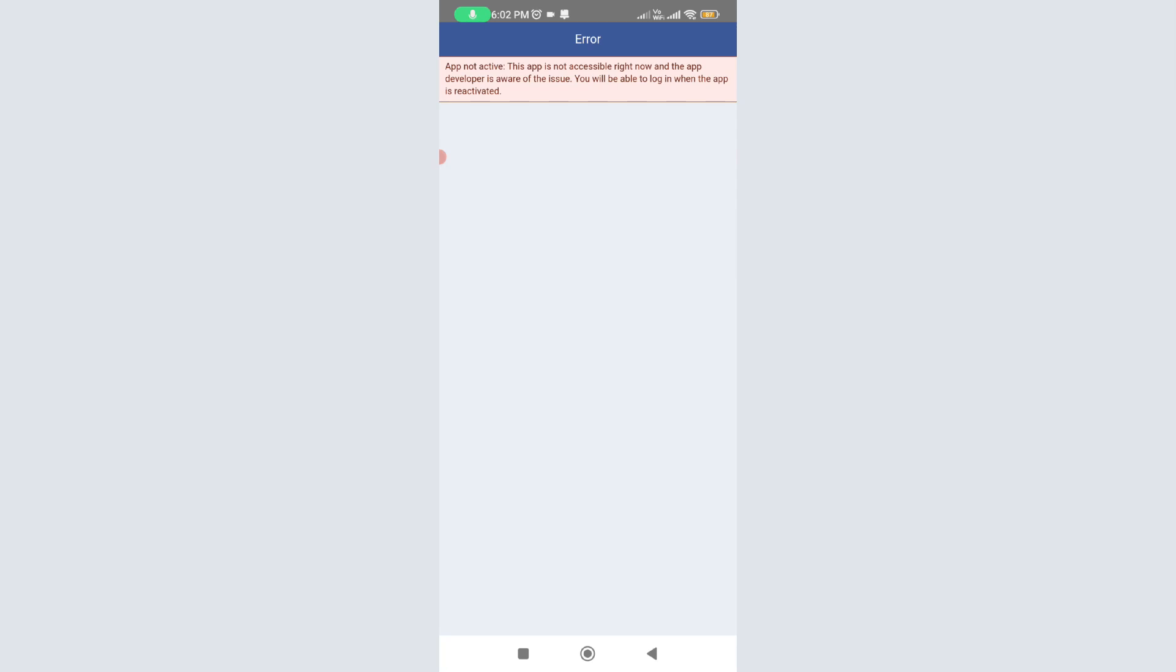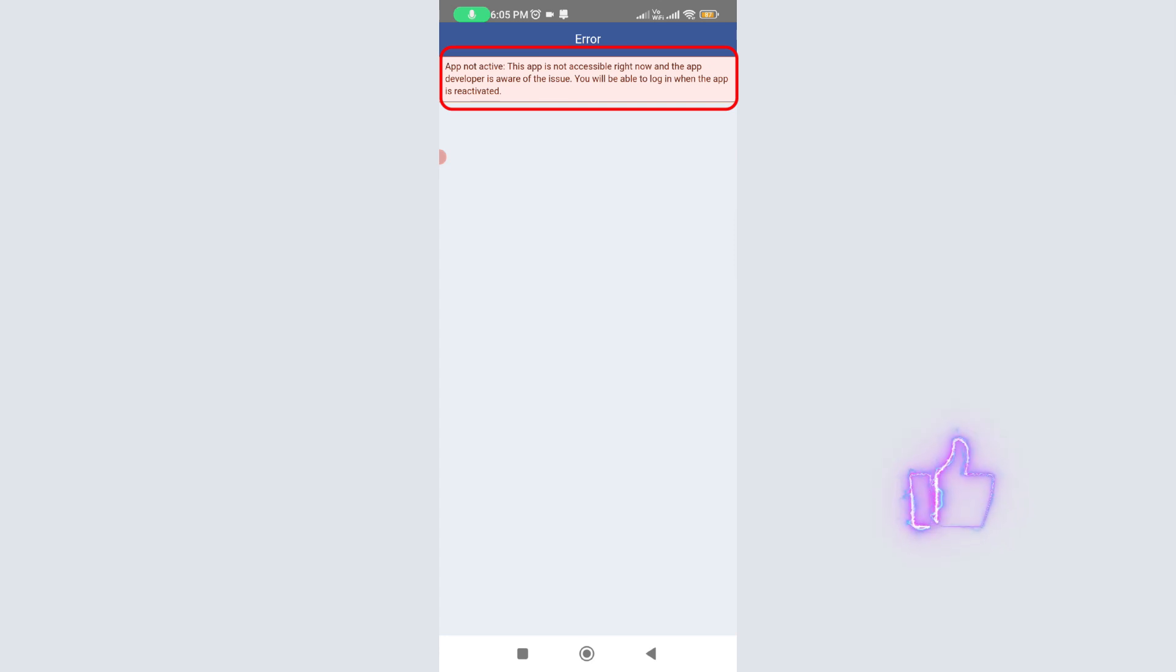Hello friends and welcome back to my YouTube channel Tech Ons. Today I got the following error notification while trying to login to an application using Facebook login credentials. It shows 'app not active.' This app is not accessible right now and the app developer is aware of the issue. You will be able to login when the app is reactivated.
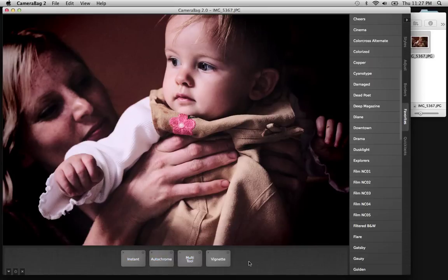So that's a quick look at creating a filter in CameraBag. We hope you'll give it a try. You can download CameraBag 2 and find out more information at nevercenter.com/camerabag. Thanks for watching.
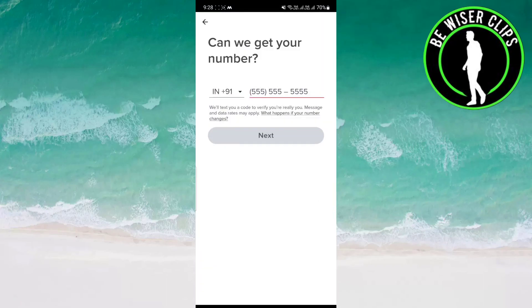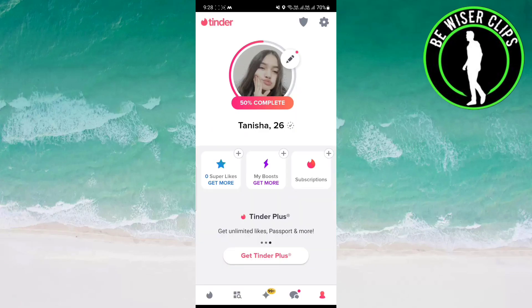After that, you have to write your new phone number and tap next. A verification code will be sent to you. Enter that code and your phone number will be updated.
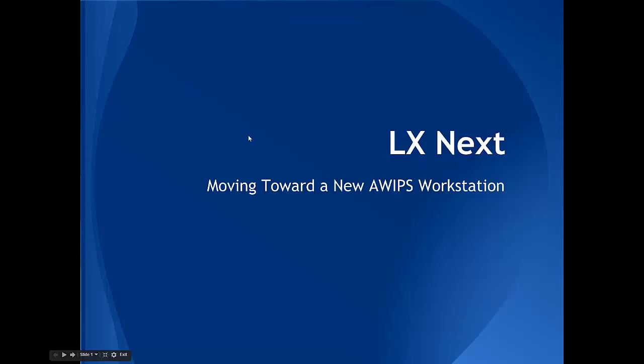So Bill Gary and I have been working on this. We're talking about the next generation of AWIPS workstation. There are a lot of slides here that I can hopefully go through pretty quickly because we put this presentation together for a lot of people up at Silver Spring who, some of them are budget people and folks that might not be familiar with how the AWIPS workstation has evolved.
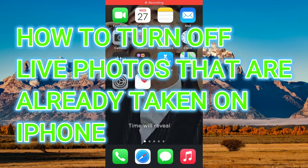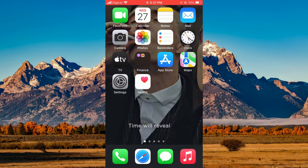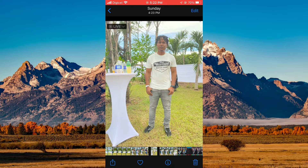Hello, welcome to Simple Answers. In this video I'll be showing you how to turn off Live Photos that are already taken on iPhone. First, you will need to go into Photos. Once in Photos, you'll select the Live Photo that you would like to turn off, and you're going to tap on Edit in the top right-hand corner.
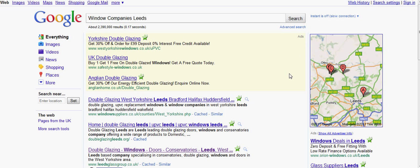Well hello. I've come into Google UK and I've typed in 'window companies leads'. The reason I've done that is because I want to show you how the listings would come up in the local areas.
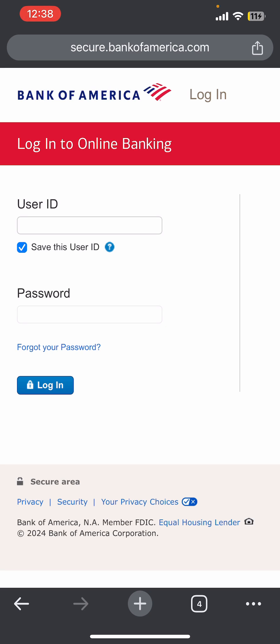So basically this is how you can log into Bank of America. If you still encounter any issue during this process, feel free to leave a comment and I'll be happy to assist you. If you found this helpful, please give it a thumbs up.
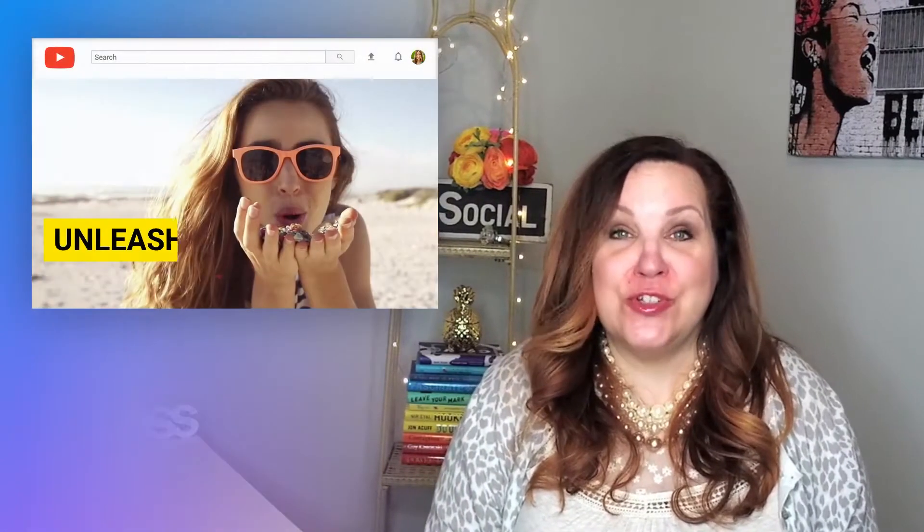Hi, I'm Peg Fitzpatrick and welcome to day two of the Make Waves video challenge. Today, we are going to create a YouTube channel trailer.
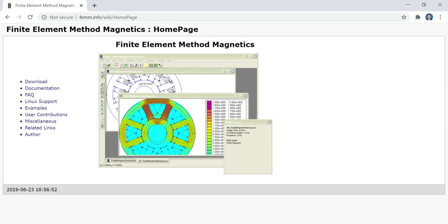Hello guys. In this video I am going to explain how you can study electrostatic problems using a simulation software. I am going to explain how a software called Finite Element Method Magnetics, FEMM, can be used to study the electric field distribution in simple electrostatic problems.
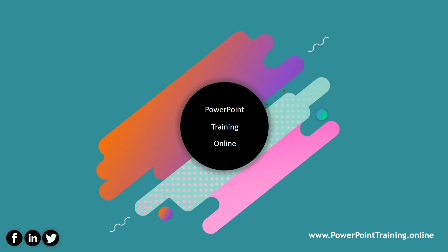Thank you for watching our latest video on PowerPoint training online. If you liked it, don't forget to hit the thumbs up button and also subscribe for all the latest updates from PowerPoint training online.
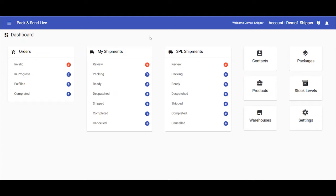Welcome to this video on creating and processing shipments in the Pack & Send Live shipping platform. In this demonstration, I'll show you how to process the shipments required after orders have been created either manually or through an e-commerce integration.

## What you have to do
Take the lines above from the top of the records through the one with "Well hello. I've" and repeat them exactly, without any pictures.

## Result for this task
Hello friends and welcome back to my YouTube channel Tech Ons. Today I got the following error notification while trying to login to an application using Facebook login credentials. It shows 'app not active.' This app is not accessible right now and the app developer is aware of the issue. You will be able to login when the app is reactivated.
So that's a quick look at creating a filter in CameraBag. We hope you'll give it a try. You can download CameraBag 2 and find out more information at nevercenter.com/camerabag. Thanks for watching.
After that, you have to write your new phone number and tap next. A verification code will be sent to you. Enter that code and your phone number will be updated.
So Bill Gary and I have been working on this. We're talking about the next generation of AWIPS workstation. There are a lot of slides here that I can hopefully go through pretty quickly because we put this presentation together for a lot of people up at Silver Spring who, some of them are budget people and folks that might not be familiar with how the AWIPS workstation has evolved.
Hello, welcome to Simple Answers. In this video I'll be showing you how to turn off Live Photos that are already taken on iPhone. First, you will need to go into Photos. Once in Photos, you'll select the Live Photo that you would like to turn off, and you're going to tap on Edit in the top right-hand corner.
Well hello. I've come into Google UK and I've typed in 'window companies leads'. The reason I've done that is because I want to show you how the listings would come up in the local areas.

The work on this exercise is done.